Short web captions
═══

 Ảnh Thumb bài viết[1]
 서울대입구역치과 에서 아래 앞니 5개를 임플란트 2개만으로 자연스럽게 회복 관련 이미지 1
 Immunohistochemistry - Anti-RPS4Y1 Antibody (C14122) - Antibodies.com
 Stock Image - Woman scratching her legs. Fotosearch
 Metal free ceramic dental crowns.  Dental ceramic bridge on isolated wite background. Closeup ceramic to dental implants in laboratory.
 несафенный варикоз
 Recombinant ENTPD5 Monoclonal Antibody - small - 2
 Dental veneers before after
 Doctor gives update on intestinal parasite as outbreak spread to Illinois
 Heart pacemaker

═══

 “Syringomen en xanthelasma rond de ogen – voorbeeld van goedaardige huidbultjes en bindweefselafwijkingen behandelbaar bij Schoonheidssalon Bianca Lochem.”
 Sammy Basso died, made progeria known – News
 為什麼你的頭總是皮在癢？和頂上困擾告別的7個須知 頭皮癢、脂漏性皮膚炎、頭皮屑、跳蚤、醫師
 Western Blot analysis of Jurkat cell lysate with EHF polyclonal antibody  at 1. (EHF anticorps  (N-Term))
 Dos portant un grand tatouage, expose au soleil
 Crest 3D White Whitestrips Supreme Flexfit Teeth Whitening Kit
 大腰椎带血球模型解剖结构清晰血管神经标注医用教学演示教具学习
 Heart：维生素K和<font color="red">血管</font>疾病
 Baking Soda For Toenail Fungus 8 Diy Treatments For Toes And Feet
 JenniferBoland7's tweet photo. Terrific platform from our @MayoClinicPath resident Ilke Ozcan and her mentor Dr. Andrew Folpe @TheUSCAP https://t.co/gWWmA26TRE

═══

▸ Task objective
What do the lines above say from the one containing "為什麼你的頭總是皮在癢？和頂" down to the one containing "Dos portant un"? Return them exactly, both end lines included, and only them.

▸ Final answer
 為什麼你的頭總是皮在癢？和頂上困擾告別的7個須知 頭皮癢、脂漏性皮膚炎、頭皮屑、跳蚤、醫師
 Western Blot analysis of Jurkat cell lysate with EHF polyclonal antibody  at 1. (EHF anticorps  (N-Term))
 Dos portant un grand tatouage, expose au soleil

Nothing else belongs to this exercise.